Righthaven LLC v. Democratic Underground LLC

FILED UNDER: Blogosphere, Economics and Business, Law and the Courts, , , , , , ,
Doug Mataconis
About Doug Mataconis
Doug Mataconis held a B.A. in Political Science from Rutgers University and J.D. from George Mason University School of Law. He joined the staff of OTB in May 2010 and contributed a staggering 16,483 posts before his retirement in January 2020. He passed far too young in July 2021.

Comments

  1. Brett says:

    I really, really hope that Righthaven is forced to pay the winners’ attorney fees. I read in an article elsewhere that it would open them up to being sued for legal costs by all the other defendants they pressured into negotiating private settlements, and that would be both sweet justice and a devastating blow to the Patent and Copyright Troll Industry.

    Of course, the real root of this problem is a patent and copyright system that allows people to collect patents and copyrights they never created themselves, and exploit the legal rents. Until that is reformed (and before anyone objects, I’m not saying that we should eliminate patents and copyrights), we’ll continue to see groups try and do this tactic to their commercial advantage.

  2. John Burgess says:

    Couldn’t happen to a worse bunch of trolls.

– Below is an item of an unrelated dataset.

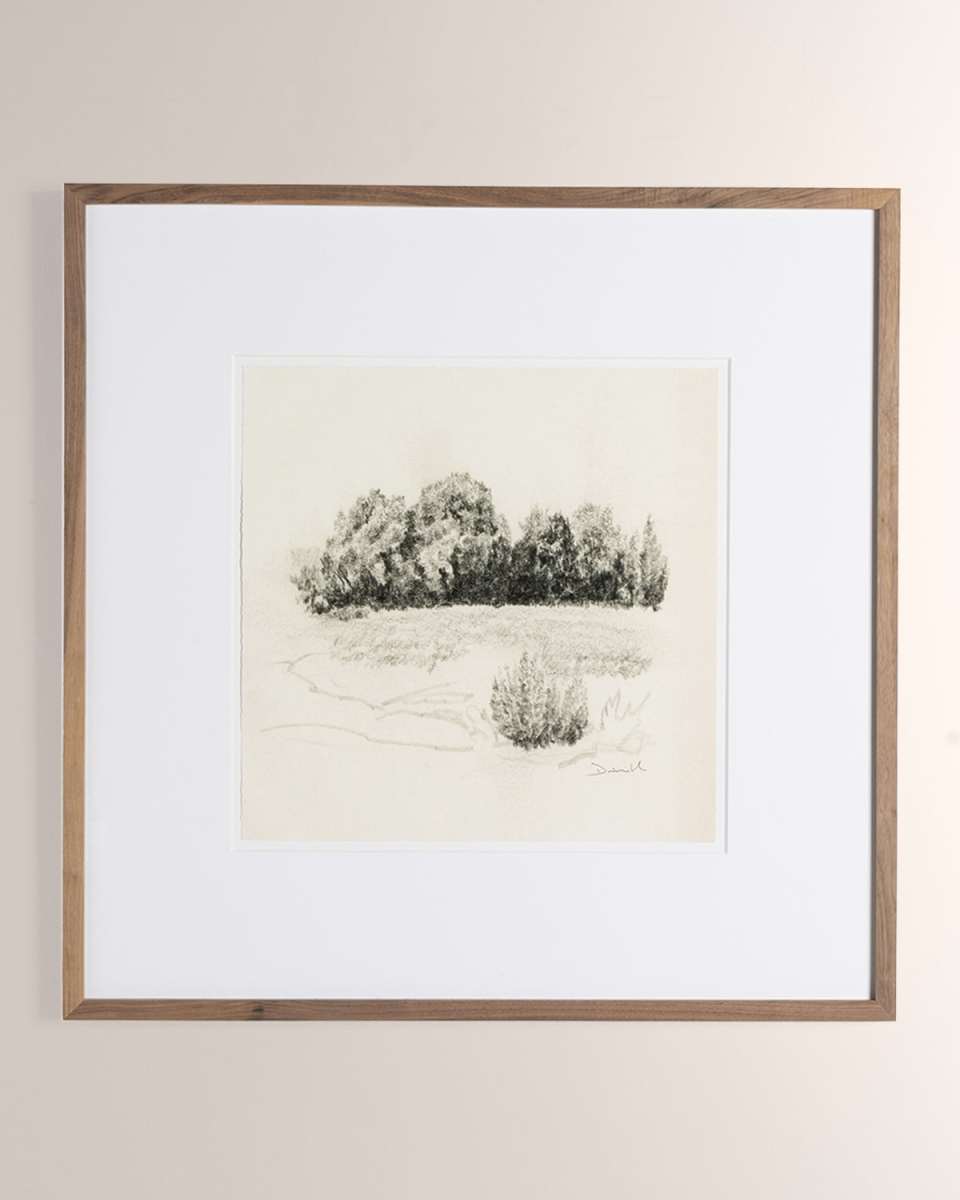 "Land Sketch 2" Art Print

    I’m certainly for amending current copyright law. I think it should go back to the earlier, and much, much shorter periods of protection, with a 28-year maximum coverage.

  3. Trumwill says:

    and before anyone objects, I’m not saying that we should eliminate patents and copyrights

    Fair enough, though how do you differentiate between a company like Righthaven and a company like Warner Bros, which has properties that it either purchased or that people created work-for-hire? Should creative product be non-transferrable? (These are genuine questions, not gotcha questions or anything like that.)

  4. Trumwill says:

    I’m certainly for amending current copyright law. I think it should go back to the earlier, and much, much shorter periods of protection, with a 28-year maximum coverage.

    Now that I agree with, wholeheartedly. As the families of the creators duke it out with DC Comics over their dualling rights to Superman, I don’t see why either of them should have the rights at all.

  5. Brett says:

    I was thinking of some kind of “utilization within a time period” requirement. That would keep companies from simply sitting on patents for years until someone makes something that uses it, then suing them for royalties.

  6. Bill Jempty says:

    One of the most annoying practices newspapers have is putting all past articles into a paid archive. Even for the newspaper’s subscribers. I’ve been subscribing to the same newspaper for 22 years but once an article gets 90 days old, I can’t access it anymore.